21. MANAGEMENT DISCUSSION AND ANALYSIS

The Management and Discussion and Analysis,
as required in terms of Regulation 34 of the SEBI
Listing Regulations forms part of this Annual
Report.

22. ANNUAL EVALUATION BY BOARD OF
DIRECTORS

In terms of the requirement of Schedule IV of
the Act and Regulation 25 of the SEBI Listing
Regulations, during the separate meeting of
Independent Directors, the performance of
the Non-Independent Directors including the

Chairman and the Board, was evaluated as a
collective entity.

The Board of Directors have carried out an
annual evaluation of its own performance, Board
Committees, and Individual Directors pursuant
to the provisions of the Act and the SEBI Listing
Regulations.

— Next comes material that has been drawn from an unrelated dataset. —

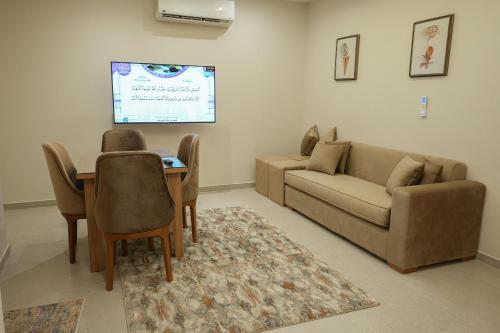 a living room with a couch and a table at Elite hotel in Sheikh Zayed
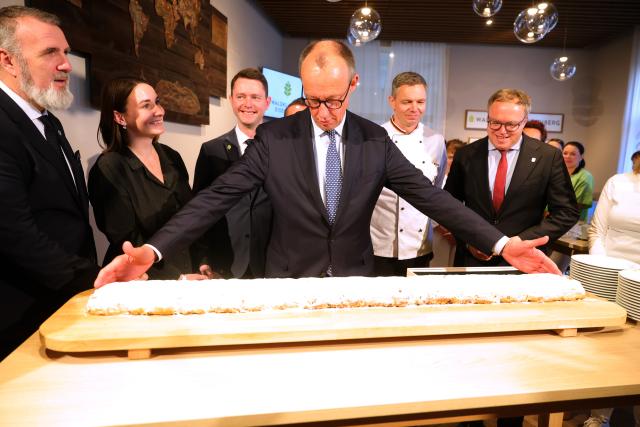 02 December 2025, Thueringen, Eisenberg: German Chancellor Friedrich Merz (C) and Mario Voigt (R), Minister President of Thuringia, cutting a stollen during a visit to the Waldkliniken Eisenberg on the occasion of his inaugural visit to Thuringia. Photo: Bodo Schackow/dpa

The statement indicating the
manner in which the annual evaluation has been
carried out pursuant to SEBI Listing Regulations
and the Act is given in the Corporate Governance
Report, which forms integral part of this Annual
Report.

Based on inputs received from the members, it
emerged that the overall performance evaluation
of the Board, composition, and quality,
understanding the business including risks,
process and procedures, oversight of financial
reporting process including internal controls
and audit functions, ethics, compliances and
monitoring activities, have been found to be
reasonable good.

23. ANNUAL RETURN

Pursuant to Sections 92 and Section 134(3) of
the Act read with Rule 12 of the Companies
(Management and Administration) Rules, 2014 as
amended, the Annual Return is available at the
website of the Company at https://mangalfincorp.
com/investerZone.aspx

24. INTERNAL AUDITOR AND INTERNAL AUDIT
REPORT

Your Company has in place sophisticated internal
control structures proportionate to the size, scope
and complexity of operations of the Company.
Internal audits are conducted on a regular
basis to review and ensure that responsibilities
are duly carried out efficiently. It provides an
independent view to the Board of Directors, the
Audit Committee and the senior management
on the quality and impact of Internal Controls,
Internal Control systems and processes. Internal
auditor monitors and assesses the effectiveness
and adequacy of our Company’s internal control
mechanisms.

The Board and Audit Committee periodically
reviews the Internal Audit Reports and the
adequacy and effectiveness of the internal
controls. Significant audit observations, corrective
and preventive actions thereon are presented to
the Board and Committee on a quarterly basis.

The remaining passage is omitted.